'''

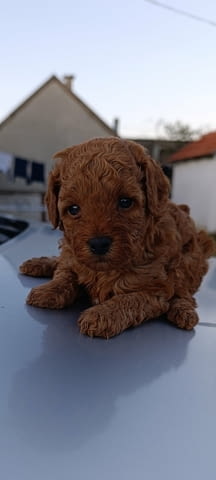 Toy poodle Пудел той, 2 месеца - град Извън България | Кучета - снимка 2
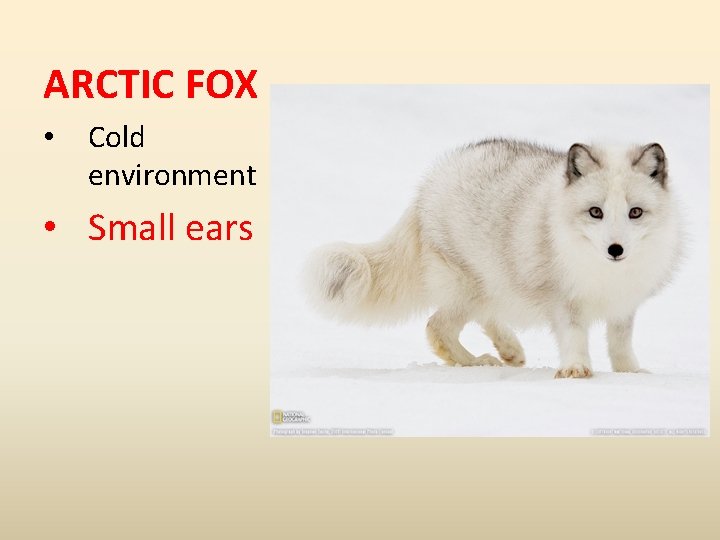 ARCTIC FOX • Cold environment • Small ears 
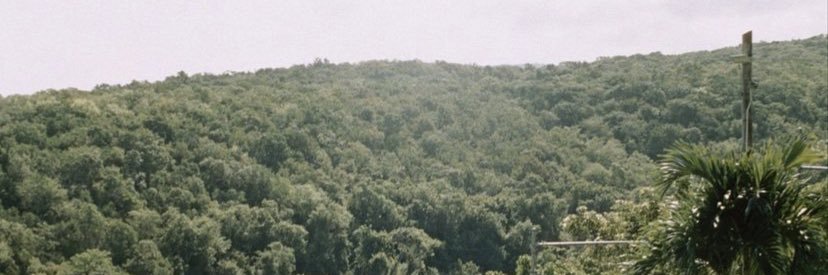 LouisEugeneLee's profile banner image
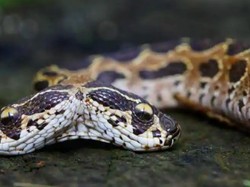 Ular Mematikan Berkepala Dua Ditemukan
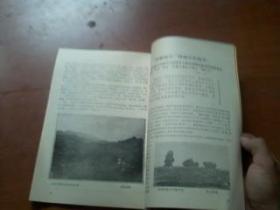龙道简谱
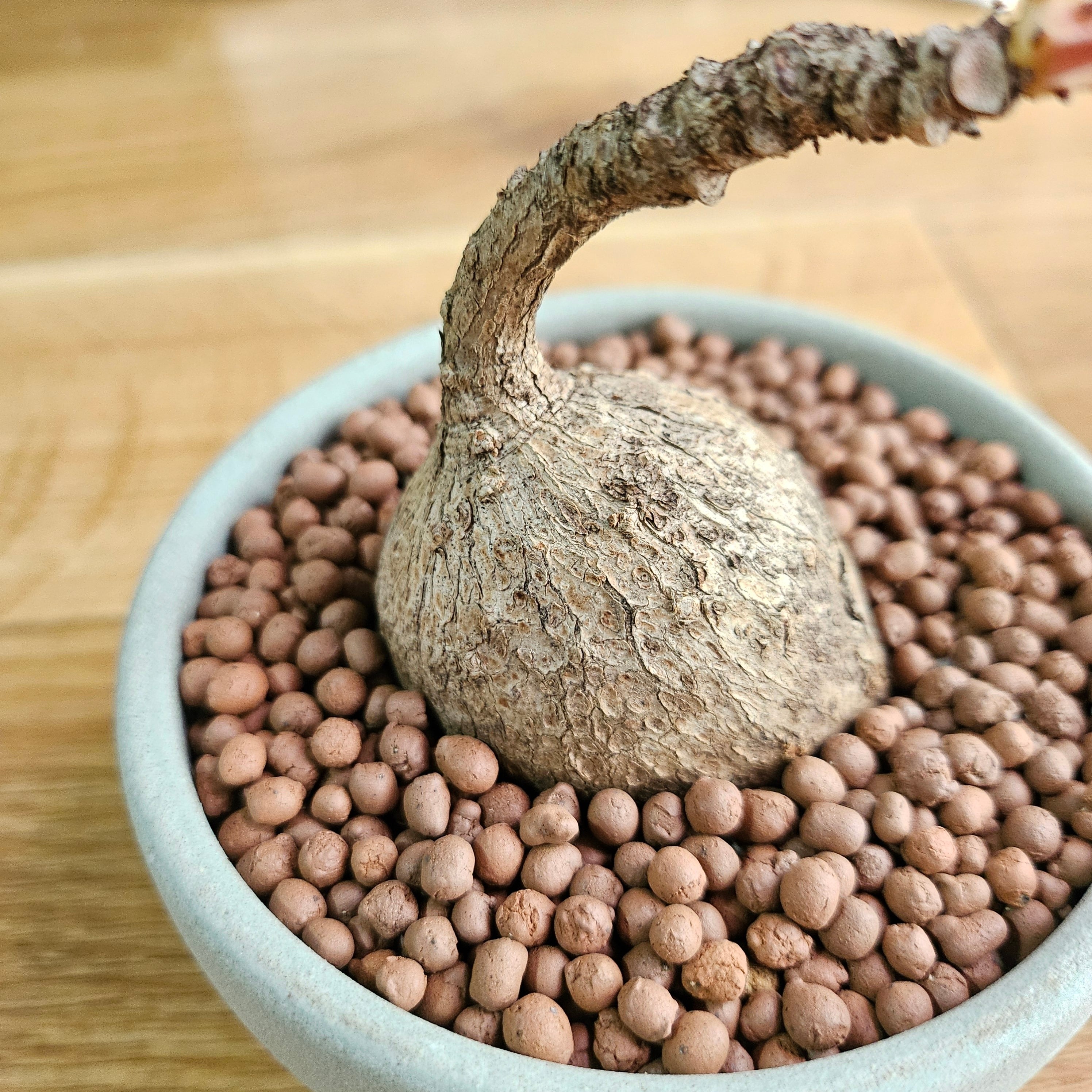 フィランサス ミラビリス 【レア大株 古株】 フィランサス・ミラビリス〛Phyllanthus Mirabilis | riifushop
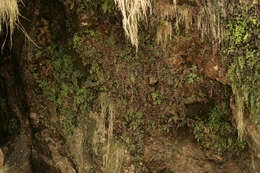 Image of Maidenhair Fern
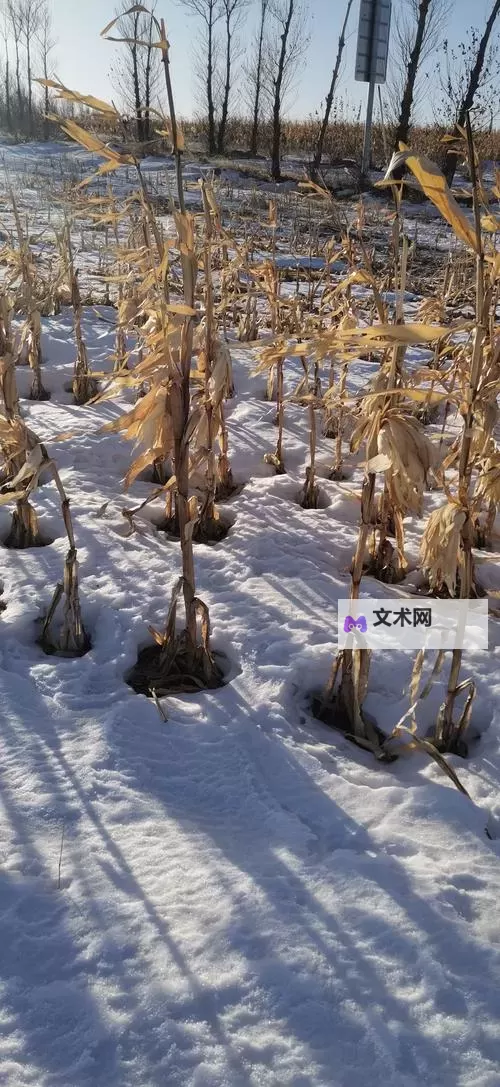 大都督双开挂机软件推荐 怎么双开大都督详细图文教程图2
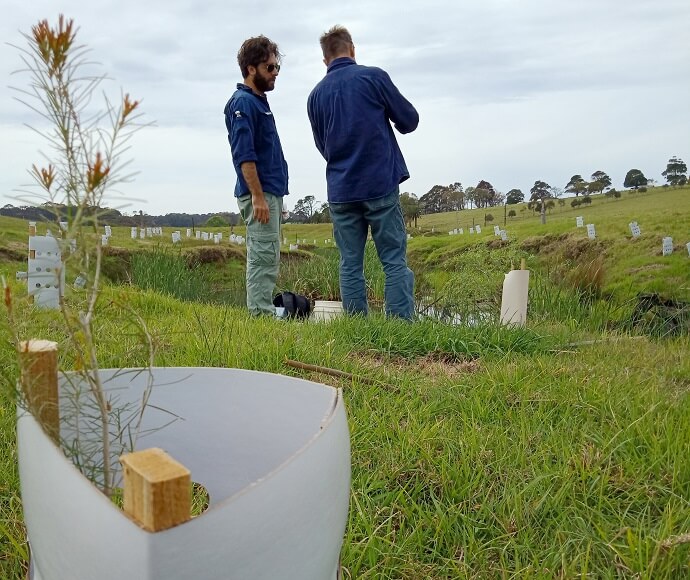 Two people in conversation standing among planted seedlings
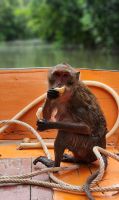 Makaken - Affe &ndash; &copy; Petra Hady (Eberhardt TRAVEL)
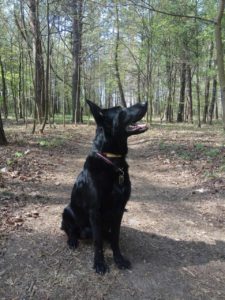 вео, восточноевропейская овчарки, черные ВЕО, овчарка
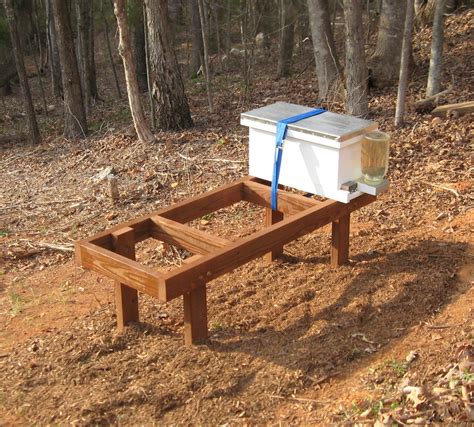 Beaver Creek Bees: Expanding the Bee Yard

'''

* **Task instructions**
Only the lines from the one containing "Two people in" through the last line of the data belong in the copy, both included and reproduced exactly. Pictures do not.

* **Response box**
 Two people in conversation standing among planted seedlings
 Makaken - Affe &ndash; &copy; Petra Hady (Eberhardt TRAVEL)
 вео, восточноевропейская овчарки, черные ВЕО, овчарка
 Beaver Creek Bees: Expanding the Bee Yard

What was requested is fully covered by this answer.